Task to complete: Starting with the line that has "Dear Topcat sailors, today" in the records below and stopping after the line that has "For this, you'll", output every line exactly and nothing else; skip pictures.

Data records:
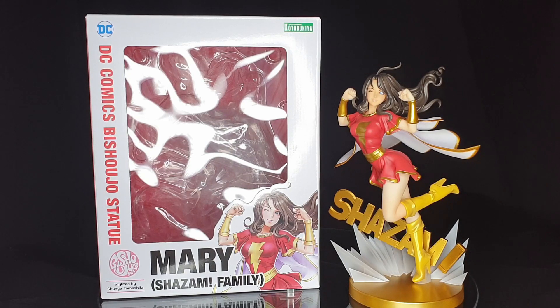So this is Mary Marvel from the Shazam family. Her statue is based off of the art of Shunya Yamashita and produced by Kotobukiya. She is 215mm from the base and sculpted by James Marsano. So who is Mary Marvel? She is known as Mary Bromfield — also Batson, I think it was. She was first seen in issue number 18 with Captain Marvel and then reintroduced in the comics later on in the Power of Shazam.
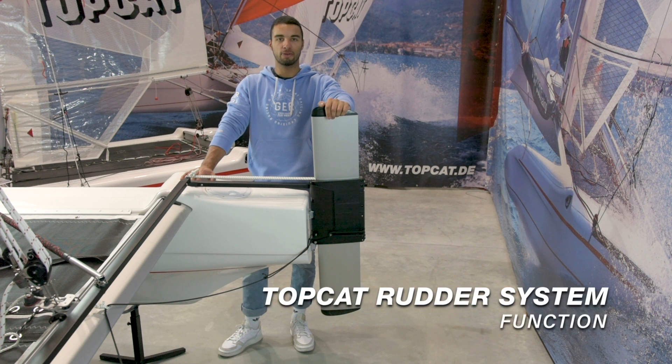Dear Topcat sailors, today I will present you the way the Topcat rudder system works.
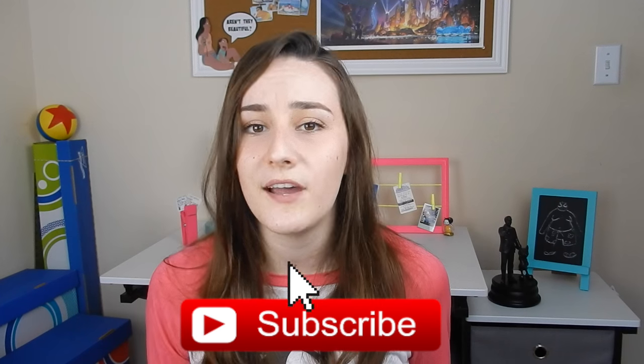I hope you guys enjoyed this video, and if you did, don't forget to leave a thumbs up. If you aren't subscribed to my channel, don't forget to click the subscribe button to be notified when I upload a video. Let me know if you guys tried any of these DIYs in the comments down below. Thank you guys for watching, and I will see you in the next video.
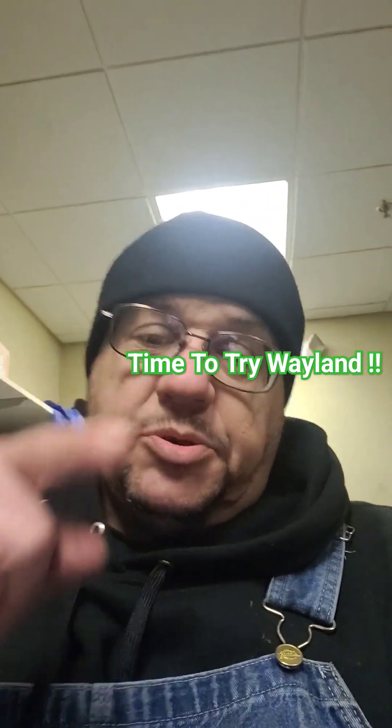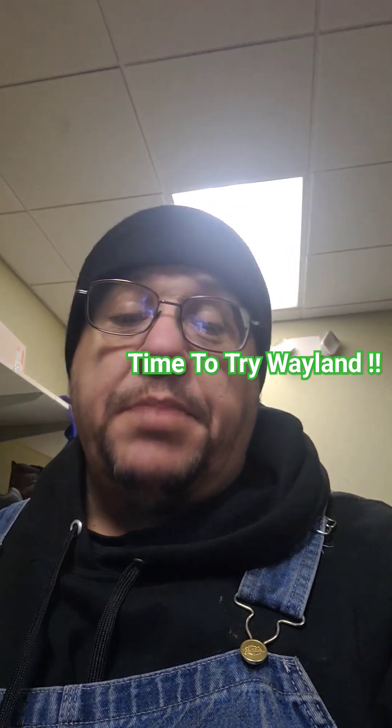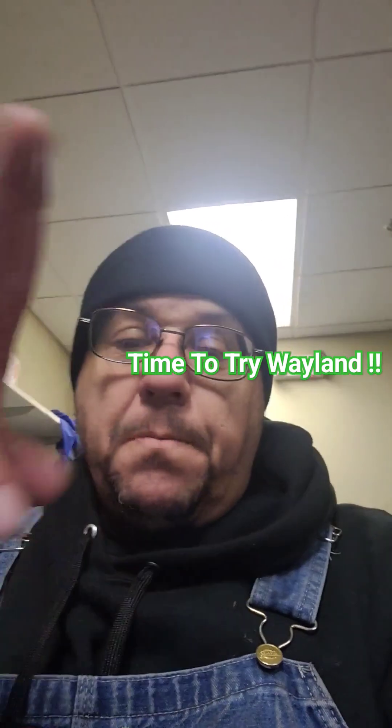Don't forget to like, subscribe, and hit the notification bell. And if you can, join me on Patreon — I greatly appreciate it — or buy me a coffee. Peace.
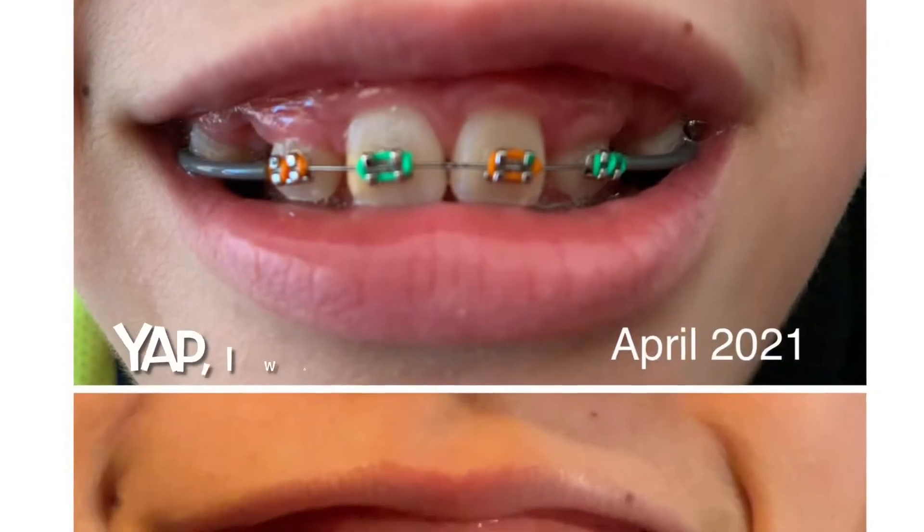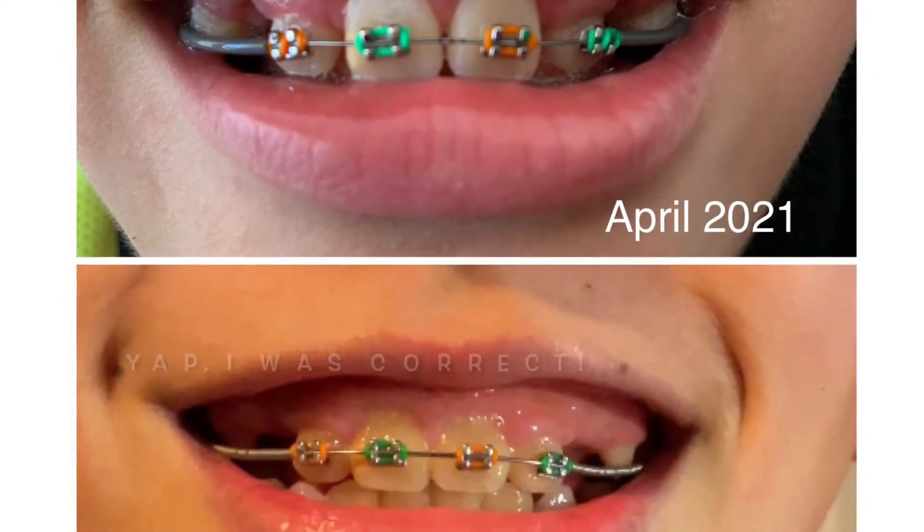I chose green and orange — I'm not quite sure, but I think the very first time I did it I also chose green and orange. They did the 3D scanner, so next time they're gonna remove the braces.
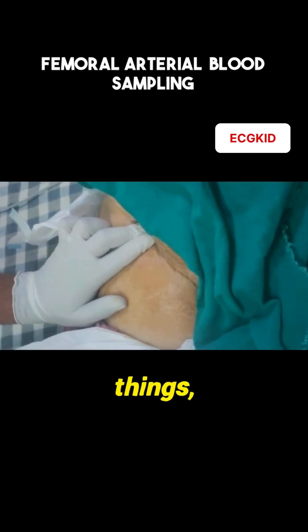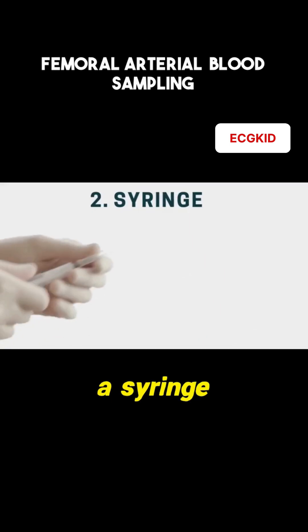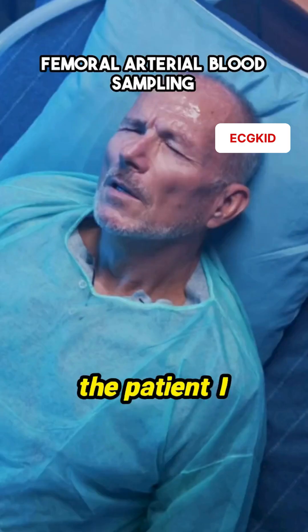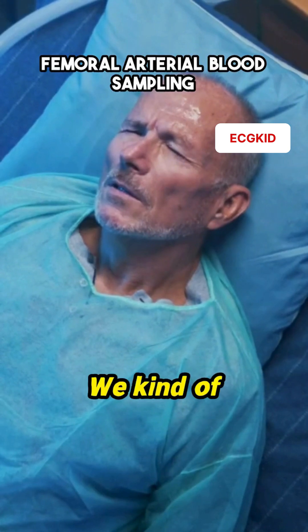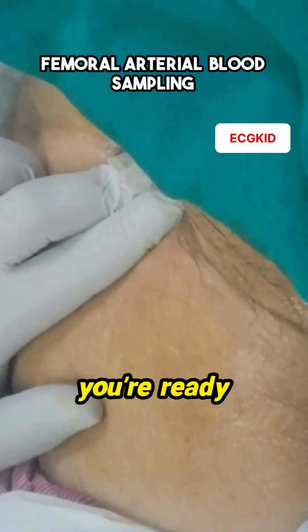For this, you'll need just three things. Gloves — obviously, you don't want to touch that part without gloves. A syringe, because how else are we going to draw blood? And the patient — I mean, come on, we kind of need them for this procedure to happen. And that's it. Once you've got these, you're ready to go.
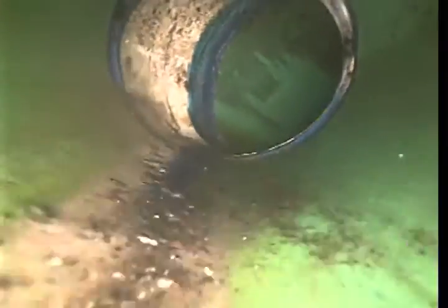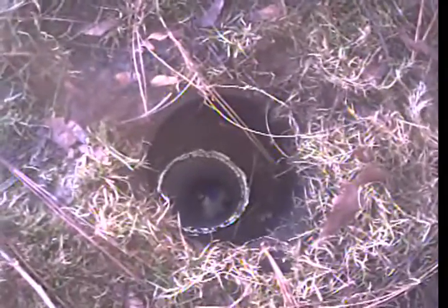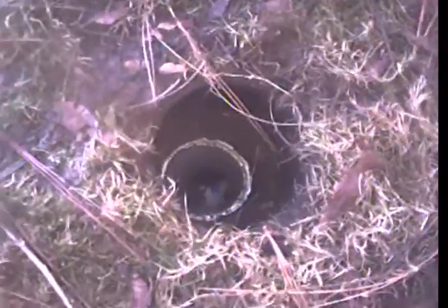Coming up the clean-out sleeve now. A bit of dirt that fell in. Pulling up, pulling up. Alrighty. And this will conclude your video inspection. Today's date is March 10th, 2017. Thank you for choosing Bulldog Rooter.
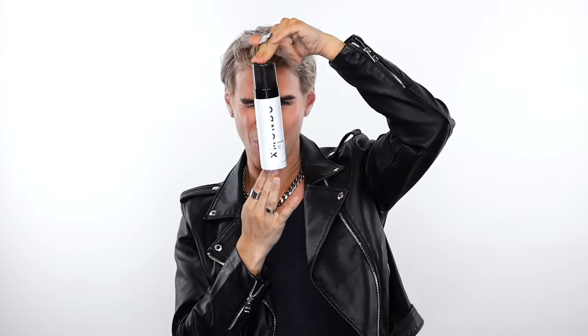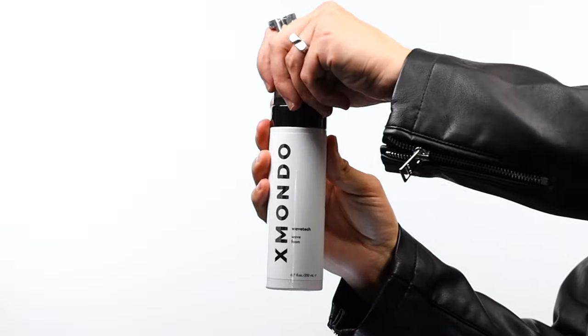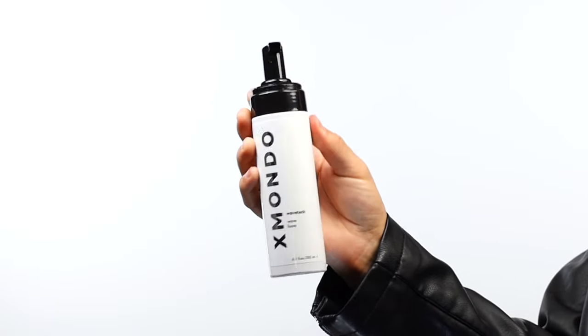For the ultimate wavy or curly hair results, use this product with the rest of our Wave Tech wave system. And of course, this product is gluten-free, paraben-free, sulfate-free, vegan, and hairdresser tested. That is the one and only Wave Tech Wave Foam.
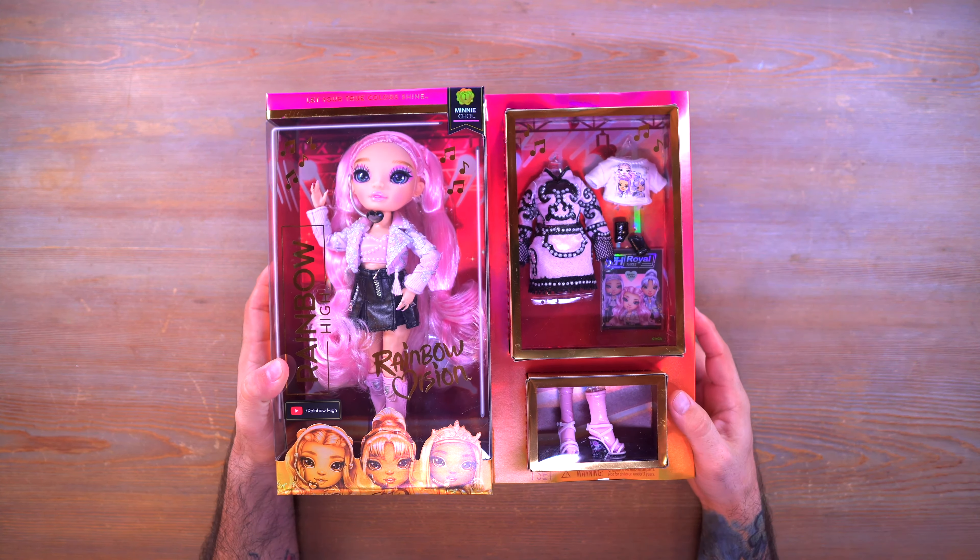I have everything laid out on the table. We're just going to set Mini off to the side for a moment to take a look at everything else that comes in the box. The first thing we have is her stand — the Rainbow High stand with the back support piece and the little waist clip so you can stand up your doll. Nothing special, just a stand.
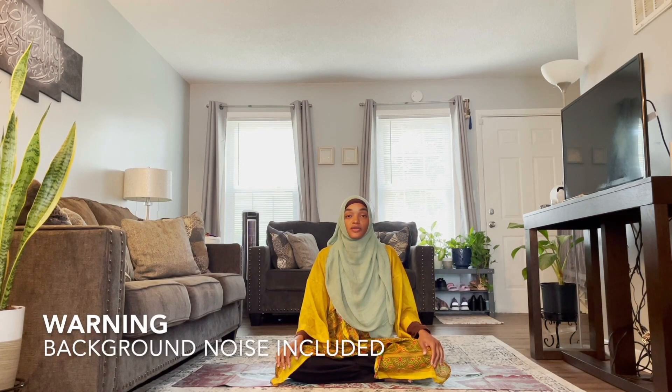Welcome to Yoga with Traveling Omi. Today we're going to do some stretches that will help us feel amazing. So when you're ready, let's begin on our backs.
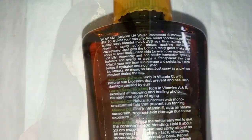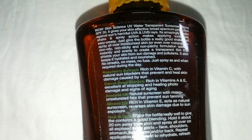Let's talk about its packaging. It comes in a normal cardboard case and inside is a spray bottle which is travel-friendly and very user-friendly. This is a 100ml spray bottle which is $399.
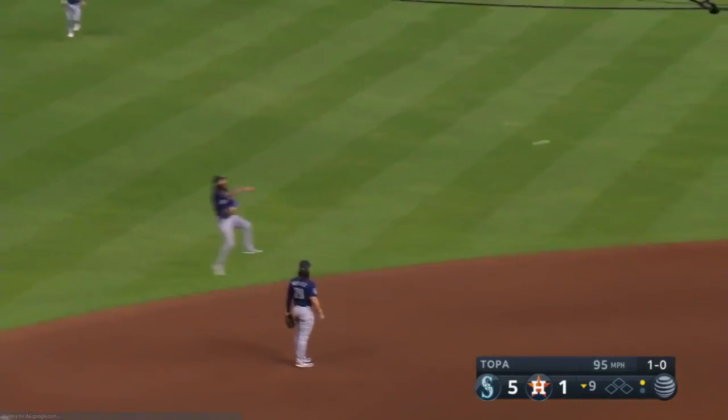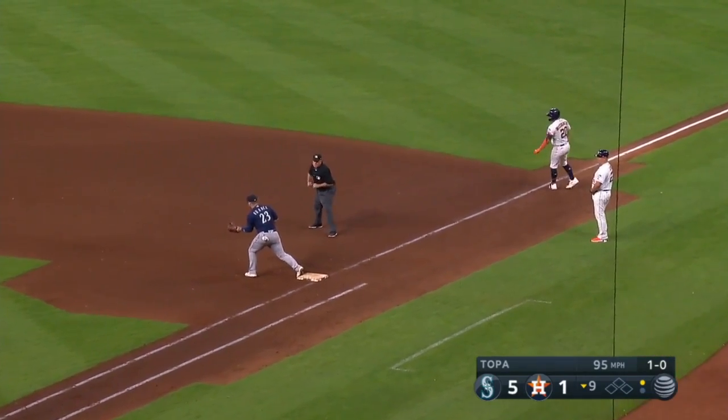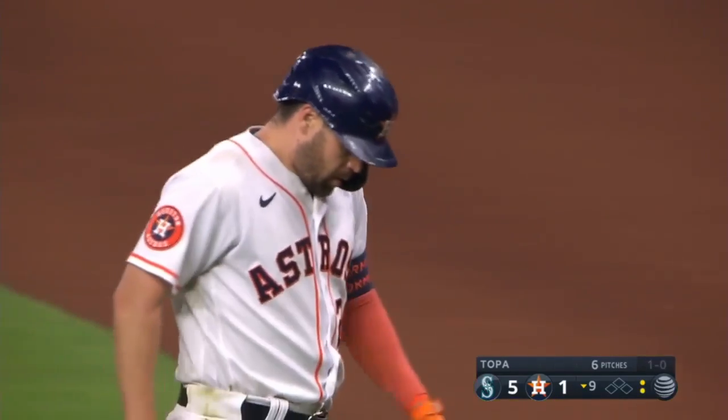Ground ball towards the hole, backhander by Crawford — off balance throw. What a play by JP Crawford! Out at first base, McCormick. That was not an easy play at all from deep in the hole, and Crawford made a great throw.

Your response:
Dear Topcat sailors, today I will present you the way the Topcat rudder system works.
I hope you guys enjoyed this video, and if you did, don't forget to leave a thumbs up. If you aren't subscribed to my channel, don't forget to click the subscribe button to be notified when I upload a video. Let me know if you guys tried any of these DIYs in the comments down below. Thank you guys for watching, and I will see you in the next video.
Don't forget to like, subscribe, and hit the notification bell. And if you can, join me on Patreon — I greatly appreciate it — or buy me a coffee. Peace.
I chose green and orange — I'm not quite sure, but I think the very first time I did it I also chose green and orange. They did the 3D scanner, so next time they're gonna remove the braces.
For this, you'll need just three things. Gloves — obviously, you don't want to touch that part without gloves. A syringe, because how else are we going to draw blood? And the patient — I mean, come on, we kind of need them for this procedure to happen. And that's it. Once you've got these, you're ready to go.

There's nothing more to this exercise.